For a short 32 minute album with just 8 tracks (and 3 interludes), a short synopsis: bangin’ West Coast gangsta lo-lo gang-bang mutherfuckin’ chronic gun-totin’ shoot ‘em up mutherfuckin’ Bay Area beeatch-slappin’ shit…

Now, there is a chance that both you and I just overdosed on West Coast clichés there – well, imagine the onslaught continues for a further 31 minutes and you’d pretty much some up “Mars Attacks” by a (you guessed it) West Coast rapper named Mars. There are as many positives as there are negatives on this album. I say album, but really this is more of a good old-fashioned EP – and it is all the better for it.

By a heavy stroke of luck, the first time I played this album was actually in my car – and I tell you now, your ride is THE perfect place to play these absolutely smokin’ beats. Seriously, the music on this album is excellently chosen – and although it is clearly derivative on Dr Dre’s “2001” LP, it is all the better for it. Unfortunately, the sub in my car is out of action – but if your whip is packing some serious bass, then you will enjoy pumping these heavy beats with the windows down and your system up!

After a short intro, the funky Menacide-produced “Do It” creeps into action, completely with catchy chorus and dirty bass line. A short skit follows, leading into “Won’t Find Me” – Ryval arranges the beat, as Mars ducks and dodges the police. The album continues with the dark “My Block”, and the ‘roll’ of the song is exceptional (aspiring producers, take note), and Sho Down does indeed rock it. Next up, the excellent “Second Time Around”, featuring none other than Spice 1 (who makes a sterling contribution with his guest verse), and the only real dip arrives in the form of the underwhelming “Break It Off”.

A strange beat that somehow contrives to work pretty well blesses “Heartless” – and the liner notes reveal that Mars himself produces the track. After another skit, the final two tracks round off the album nicely – in particular the guitar-tinged “Come a Long Way”. And that is the end – a short but consistent album, with impressive beats and relatively catchy choruses all the way through.

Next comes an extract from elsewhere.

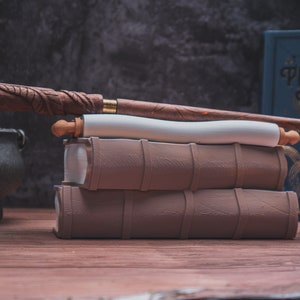 May include: A wooden wand sits atop a stack of three brown leather-bound books. A white scroll is wrapped around the books. The top book has the title "Perfect Potions" on its cover.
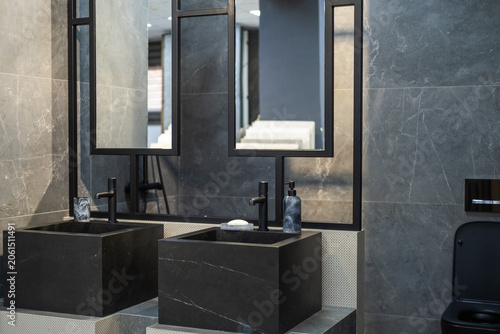 Contemporary bathroom interior featuring a black toilet, stone vessel sink and dark marble-effect wall tiles. Modern residential design, elegant fixtures, minimalist style, premium finishing materials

Well, no. That is not quite everything – there is the issue of the MC himself. Although he has a weird, unique voice filled with character, a pleasing flow, and an obvious ability to produce a well-crafted song, his lyrics should have moved on into the new millennium at some point. Yet, they remain stuck in an incredibly clichéd world of guns, sex, violence and drugs. His voice level is dialled down, so it is not always obvious what he is saying – and this can be a blessing. Only upon the second listen of “Do It” did I realise what he is actually saying – “Do that pussy man… Don’t ask permission, Stick it anyway”. Excuse me, Mars – I’m pretty sure that is called ‘rape’.

It is a disappointment that such rhymes continue to proliferate, and in all honestly it almost ruins a somewhat promising debut. Dope beats, good flow, solid choruses – these are all undermined by corny lyrics. But who knows, maybe Mars can outgrow these rhymes and stumble upon a formula where he can spit more imaginative rhymes, whilst still maintaining a solid sales record. I do hope so, as he clearly has talent – but talent without direction is usually wasted. Maybe Mars is getting money, but it would be nice if, like Dr Dre, he occasionally rises above the waste land just to give a birds-eye view of his planet. If he could do so, I’d be happy to orbit around Mars sometime in the future.